Because a progressive image becomes recognisable sooner, it can improve perceived loading even when it does not change the final paint timing dramatically. The measurement nuances — and why your Largest Contentful Paint metric may or may not move — are covered in images and Core Web Vitals. For an even bigger leap in efficiency, modern formats encode progressively by nature and tend to be smaller; compare them in JPEG versus WebP and try the JPEG to WebP tool. If you simply want a quick smaller progressive file, the compress JPEG tool will do it in one step.

A Closer Look at Scans

To appreciate why progressive looks the way it does, it helps to understand what a scan contains. The very first scan typically carries only the DC coefficients — the single average value of each 8×8 block. That is enough to reconstruct a heavily pixelated but recognisable version of the whole image almost instantly. Each later scan then refines the picture by adding bands of AC coefficients, from low frequency to high.

Successive approximation goes further by sending the most significant bits of each coefficient first and the finer bits later. The combined effect is that a viewer sees structure, then broad detail, then fine texture, in that order. This ordering matches how humans actually perceive an image: we recognise the subject from its rough shapes long before we notice the texture of a fabric or the individual leaves on a tree.

Practical Recommendations by Image Type

Rather than applying one rule everywhere, match the layout to the role each image plays:

  • Hero and banner images: Use progressive. They are large, above the fold, and benefit most from an early recognisable preview.
  • Gallery and content photos: Use progressive, and lean on the small size bonus across many images.
  • Icons, sprites, and tiny thumbnails: Use baseline to avoid per-scan overhead on files where loading order is invisible.
  • Memory-constrained contexts: Consider baseline for very large images on low-end devices, since progressive needs the whole file in memory before its final render.

Because the conversion is lossless, you can confidently test both layouts on any image and simply keep whichever is smaller, with no risk to quality.

One more practical point: many image editors default to baseline when exporting, so a large fraction of the JPEGs already on the web are baseline simply because nobody changed the setting.
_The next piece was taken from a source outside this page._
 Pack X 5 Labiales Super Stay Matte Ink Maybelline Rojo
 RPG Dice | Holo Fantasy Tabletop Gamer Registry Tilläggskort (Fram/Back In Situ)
That means there is often a free, lossless win waiting in your existing library. Re-encoding those photos to progressive can shave a few percent across the board and improve how they feel while loading, all without any visible change to the images themselves.

Conclusion

Baseline and progressive JPEGs hold identical pixels but load very differently. Progressive usually wins for web photos thanks to its whole-image preview and small size bonus, while baseline suits tiny images. The choice is lossless either way, so experiment freely with the optimise JPEG tool at jpegoptim and pick the smaller, faster-feeling result for each image.